Public entities and their employees are entitled to special notice prior to being sued. The notice must contain specific information. It must be served on the correct person. Service must take place within a defined, short period of time after the incident. This time period is NOT extended (or tolled) when the victim is a child.
All of these requirements differ from state to state. As a general rule, a safe way of proceeding is to contact the public entity itself and ask them for the forms they require prior to being sued. They usually will give you their form, and it usually will have the requirements printed on it. However, you must act fast: get the form within 30 days and be prepared to complete the form and serve it on them in 60 days.
Here is how it would be done in California (with regard to a public entity):
Before suing a public entity, the plaintiff must present a timely written claim for damages to the entity. (Gov.
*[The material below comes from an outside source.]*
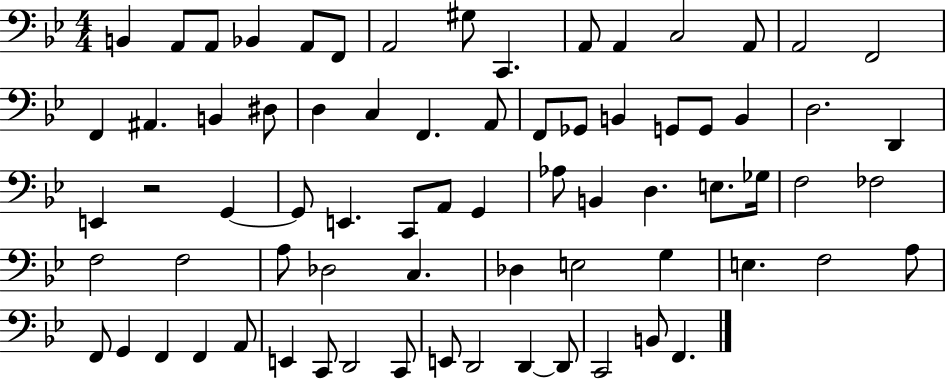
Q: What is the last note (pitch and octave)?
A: F2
Code, § 911.2; State of California v. Superior Court (2004) 32 Cal.4th 1234, 1239 (Bodde), but see Gov. Code, § 905 [itemized exceptions not relevant here].) In 1979 and 1980, a claim relating to a cause of action for “injury to person” had to be presented to a government entity“not later than the 100th day after the accrual of the cause of action.” (Gov. Code,§ 911.2, added by Stats. 1963, ch. 1715, § 1, p. 3376.) Since 1988, such claims must be presented to the government entity no later than six months after the cause of action accrues. (Gov. Code, § 911.2, as amended by Stats. 1987, ch. 1208, § 3, p. 4306.) Accrual of the cause of action for purposes of the government claims statute is the date of accrual that would pertain under the statute of limitations applicable to a dispute between private litigants. (Gov. Code, § 901; Whitfield v. Roth (1974) 10 Cal.3d 874, 884-885; Jefferson v. County of Kern (2002) 98 Cal.App.4th 606, 615; Dujardin v. Ventura County Gen. Hosp. (1977) 69 Cal.App.3d 350, 355.)
Timely claim presentation is not merely a procedural requirement, but is, as this court long ago concluded, “ ‘ “a condition precedent to plaintiff’s maintaining an action against defendant” ’ ” (Bodde, supra, 32 Cal.4th at p. 1240, quoting Williams v. Horvath (1976) 16 Cal.3d 834, 842), and thus an element of the plaintiff’s cause of action. (Bodde, supra, at p. 1240.) Complaints that do not allege facts demonstrating either that a claim was timely presented or that compliance with the claims statute is excused are subject to a general demurrer for not stating facts sufficient to constitute a cause of action. (Bodde, supra, at p. 1245.)
Only after the public entity’s board has acted upon or is deemed to have rejected the claim may the injured person bring a lawsuit alleging a cause of action in tort against the public entity. (Gov. Code §§ 912.4, 945.4; Williams v. Horvath, supra, 16 Cal.3d at p. 838.) The deadline for filing a lawsuit against a public entity, as set out in the government claims statute, is a true statute of limitations defining the time in which, after a claim presented to the government has been rejected or deemed rejected, the plaintiff must file a complaint alleging a cause of action based on the facts set out in the denied claim. (Code Civ. Proc., § 342; Gov. Code, § 945.6; Addison v. State of California (1978) 21 Cal.3d 313, 316; Tubbs v. Southern Cal. Rapid Transit Dist. (1967) 67 Cal.2d 671, 675; County of Los Angeles, supra, 127 Cal.App.4th 1263, 1271; Martell v. Antelope Valley Hosp. Med. Center (1998) 67 Cal.App.4th 978, 981-982; see Cal. Law Revision Com. com., reprinted at 32A pt. 1 West’s Ann. Gov. Code (1995 ed.) foll. § 945.6, p. 33 (1963 Addition).)